● What you will do:
All lines from the one with "Elegant living room" through the final line below are to be reproduced exactly; omit the others.

──────────

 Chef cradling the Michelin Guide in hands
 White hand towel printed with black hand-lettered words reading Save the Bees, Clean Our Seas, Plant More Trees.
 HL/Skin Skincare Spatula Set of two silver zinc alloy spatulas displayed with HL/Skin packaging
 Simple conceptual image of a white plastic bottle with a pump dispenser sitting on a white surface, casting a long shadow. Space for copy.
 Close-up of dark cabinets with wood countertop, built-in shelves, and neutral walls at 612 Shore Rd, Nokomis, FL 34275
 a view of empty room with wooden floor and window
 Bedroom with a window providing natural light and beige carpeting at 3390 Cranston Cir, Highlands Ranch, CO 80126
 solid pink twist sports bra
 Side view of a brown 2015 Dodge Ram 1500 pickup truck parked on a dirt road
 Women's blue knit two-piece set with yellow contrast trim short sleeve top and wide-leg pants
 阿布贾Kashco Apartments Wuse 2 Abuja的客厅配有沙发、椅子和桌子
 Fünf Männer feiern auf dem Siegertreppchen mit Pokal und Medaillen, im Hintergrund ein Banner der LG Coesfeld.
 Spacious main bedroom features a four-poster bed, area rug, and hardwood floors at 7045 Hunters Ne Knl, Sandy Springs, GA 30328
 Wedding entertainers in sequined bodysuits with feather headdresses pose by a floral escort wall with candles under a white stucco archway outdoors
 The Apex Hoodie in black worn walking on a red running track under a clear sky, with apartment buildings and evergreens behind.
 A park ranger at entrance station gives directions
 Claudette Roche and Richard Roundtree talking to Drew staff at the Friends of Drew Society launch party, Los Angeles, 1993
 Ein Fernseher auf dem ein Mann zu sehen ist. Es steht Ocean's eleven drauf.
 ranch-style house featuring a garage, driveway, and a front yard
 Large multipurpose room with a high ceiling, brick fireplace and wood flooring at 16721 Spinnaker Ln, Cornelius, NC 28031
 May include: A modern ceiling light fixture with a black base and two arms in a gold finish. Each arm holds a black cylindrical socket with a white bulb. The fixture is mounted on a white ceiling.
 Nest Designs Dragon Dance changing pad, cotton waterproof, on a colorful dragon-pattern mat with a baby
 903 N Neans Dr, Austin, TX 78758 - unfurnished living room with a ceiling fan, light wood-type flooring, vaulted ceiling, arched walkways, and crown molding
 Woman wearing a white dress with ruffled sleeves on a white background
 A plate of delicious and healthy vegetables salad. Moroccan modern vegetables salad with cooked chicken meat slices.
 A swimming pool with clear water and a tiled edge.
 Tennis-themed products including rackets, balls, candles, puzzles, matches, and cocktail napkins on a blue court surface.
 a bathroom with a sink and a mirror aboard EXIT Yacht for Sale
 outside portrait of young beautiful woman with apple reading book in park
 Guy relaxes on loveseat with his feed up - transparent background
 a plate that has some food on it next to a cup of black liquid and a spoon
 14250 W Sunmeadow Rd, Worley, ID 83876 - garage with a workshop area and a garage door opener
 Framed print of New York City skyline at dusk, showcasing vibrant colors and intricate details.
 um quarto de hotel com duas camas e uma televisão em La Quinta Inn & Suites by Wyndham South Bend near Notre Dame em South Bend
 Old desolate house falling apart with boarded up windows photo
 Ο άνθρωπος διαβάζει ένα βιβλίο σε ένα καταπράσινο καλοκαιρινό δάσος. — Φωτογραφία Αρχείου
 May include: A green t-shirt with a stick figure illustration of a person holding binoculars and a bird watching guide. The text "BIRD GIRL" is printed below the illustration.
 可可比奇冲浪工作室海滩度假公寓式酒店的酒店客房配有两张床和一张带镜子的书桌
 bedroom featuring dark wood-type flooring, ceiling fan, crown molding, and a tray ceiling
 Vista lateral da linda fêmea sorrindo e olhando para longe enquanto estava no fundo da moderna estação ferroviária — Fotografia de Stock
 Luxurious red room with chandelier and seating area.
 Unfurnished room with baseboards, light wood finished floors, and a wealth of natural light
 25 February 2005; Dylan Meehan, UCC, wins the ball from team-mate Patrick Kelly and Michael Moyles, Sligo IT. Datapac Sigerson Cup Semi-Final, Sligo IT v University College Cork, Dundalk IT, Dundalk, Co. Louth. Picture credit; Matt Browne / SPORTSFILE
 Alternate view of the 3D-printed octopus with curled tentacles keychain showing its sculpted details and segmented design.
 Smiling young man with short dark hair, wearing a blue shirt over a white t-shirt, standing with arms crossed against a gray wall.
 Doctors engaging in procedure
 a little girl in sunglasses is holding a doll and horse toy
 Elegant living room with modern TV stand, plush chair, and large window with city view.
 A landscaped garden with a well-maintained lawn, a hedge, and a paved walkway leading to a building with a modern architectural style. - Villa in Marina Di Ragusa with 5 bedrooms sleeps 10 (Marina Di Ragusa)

──────────

● Answer to the problem:
 Elegant living room with modern TV stand, plush chair, and large window with city view.
 A landscaped garden with a well-maintained lawn, a hedge, and a paved walkway leading to a building with a modern architectural style. - Villa in Marina Di Ragusa with 5 bedrooms sleeps 10 (Marina Di Ragusa)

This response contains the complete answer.